# Given information
|---|
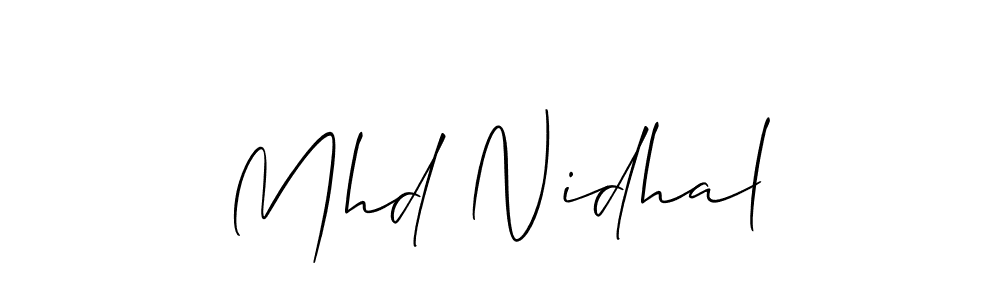 Also we have Mhd Nidhal name is the best signature style. Create professional handwritten signature collection using Allison_Script autograph style. Mhd Nidhal signature style 2 images and pictures png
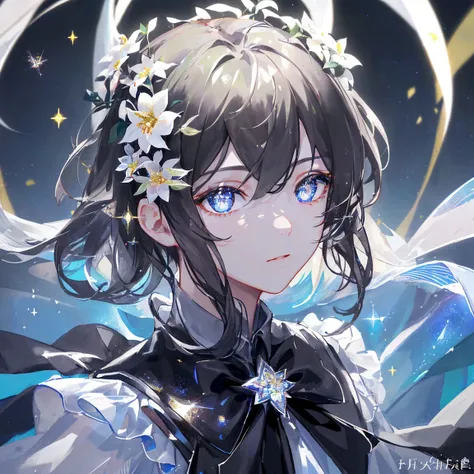  1 Boy's Masterpiece 、Best Quality、shape、Black Diamond Eyes and Hair 、cool、(moving lighting:1.2)、cinematic lighting、Delicate features、 fine eyes、 sharp pupils、Realistic student、written boundary depth、Bokeh、sharp focus、(very detailed、flower、Sparkle:1.4)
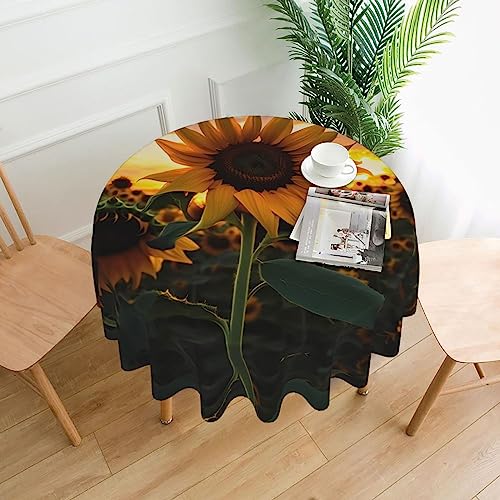 WZYWHJ Runde dekorative Tischdecke mit Sonnenblumen-Motiv, 152,4 cm, kann gewaschen und wiederverwendet werden, für runde Tische, Esstisch, Couchtisch von WZYWHJ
|---|
# Task goal
The lines from the one holding "1 Boy's Masterpiece" through the end of the material above are to be echoed exactly, both ends included. Do not include pictures.

# Completed exercise
  1 Boy's Masterpiece 、Best Quality、shape、Black Diamond Eyes and Hair 、cool、(moving lighting:1.2)、cinematic lighting、Delicate features、 fine eyes、 sharp pupils、Realistic student、written boundary depth、Bokeh、sharp focus、(very detailed、flower、Sparkle:1.4)
 WZYWHJ Runde dekorative Tischdecke mit Sonnenblumen-Motiv, 152,4 cm, kann gewaschen und wiederverwendet werden, für runde Tische, Esstisch, Couchtisch von WZYWHJ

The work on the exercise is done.